A l'époque de l'informatique, pratiquement tous les coûts sont fixes, comme c'est le cas pour les logiciels et les puces de semi-conducteurs. Le coût marginal de production d'une unité supplémentaire est alors très bas, parfois même négligeable. Les entreprises peuvent-elles continuer à utiliser la notion de coût marginal ou tout autre système de détermination des prix variables fondé sur les coûts alors que le coût de chaque unité supplémentaire est proche de zéro ? Un modèle tel que celui mis en oeuvre par Netscape ne serait-il pas plus pertinent ? Ce dernier ne fournit pas uniquement son browser (logiciel de navigation), mais également le code source de celui-ci. Les éditeurs de logiciels indépendants et les utilisateurs sont ainsi en mesure d'ajouter des applications au browser pour accroître sa valeur et, indirectement, la valeur du progiciel proposé par Netscape sur le marché.

Ce type d'approche des prix ne correspond pas aux modèles de détermination des prix conçus pour l'époque industrielle. Sommes-nous donc passés à l'âge de l'information ? En 1995, les produits liés à l'information fabriqués aux Etats-Unis, tels que les logiciels et le matériel informatique, les produits de télécommunications, ou liés à Internet, ont dépassé en valeur les biens issus ou associés au secteur de l'automobile, produit phare de l'ère industrielle du XXe siècle.

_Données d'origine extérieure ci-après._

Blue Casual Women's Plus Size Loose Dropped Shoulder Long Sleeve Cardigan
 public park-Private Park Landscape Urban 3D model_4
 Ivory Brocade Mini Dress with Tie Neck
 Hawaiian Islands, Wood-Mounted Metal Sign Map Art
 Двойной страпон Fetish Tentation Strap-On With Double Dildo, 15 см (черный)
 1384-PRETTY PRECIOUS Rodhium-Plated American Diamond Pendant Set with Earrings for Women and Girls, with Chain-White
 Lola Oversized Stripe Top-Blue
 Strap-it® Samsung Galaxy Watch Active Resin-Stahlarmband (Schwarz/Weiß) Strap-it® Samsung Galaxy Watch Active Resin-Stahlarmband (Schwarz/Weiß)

Un autre exemple : jusqu'aux années 70, lorsqu'une société lançait un produit, elle faisait appel à la télévision, à la radio, aux panneaux publicitaires, à la presse et/ou aux Salons professionnels pour le faire connaître. Au fil du temps, ces messages suscitaient et maintenaient l'intérêt du consommateur. Aujourd'hui, une entreprise peut communiquer en temps réel avec ses clients et livrer des produits et services sur mesure avec des délais très courts. Dell, par exemple, fournit des ordinateurs sur commande dans un délai de deux jours pour les clients qui les demandent à travers une publicité en ligne sur PointCast. Et Toyota livre des voitures sur commande en 14 jours. L'ensemble du processus de sensibilisation, d'intérêt, d'essai et d'achat peut se faire dans un laps de temps très court. Dans le même temps, les consommateurs accèdent à davantage d'informations qu'auparavant sur les biens et les services en concurrence. Comment une entreprise fait-elle face à ses concurrents dans un monde où les anciennes règles du jeu se modifient et tendent à disparaître ?

Le marché électronique

Les deux exemples ci-dessus montrent combien la concurrence entre entreprises a évolué et indiquent combien la stratégie concurrentielle sur les marchés électroniques risque de s'éloigner de celle des marchés « industriels ». Les entreprises sont de plus en plus en concurrence sur des marchés fondés sur l'information et l'électronique.

Un marché électronique regroupe des fabricants, des acheteurs, des intermédiaires ainsi que des fournisseurs d'infrastructure électronique. Ensemble, ils créent un support électronique au sein duquel les producteurs et les acheteurs effectuent des transactions. Les utilisateurs accèdent au support électronique par le biais de nouveaux systèmes multimédias interactifs. Ces systèmes de communication audiovisuels fonctionnent dans les deux sens et en temps réel, et facilitent l'accès à des informations stockées sur des ordinateurs, permettant ainsi aux utilisateurs et aux entreprises de : primo, fournir et accéder aux données de façon interactive, secondo, communiquer sur le support et, tertio, effectuer des échanges en temps réel.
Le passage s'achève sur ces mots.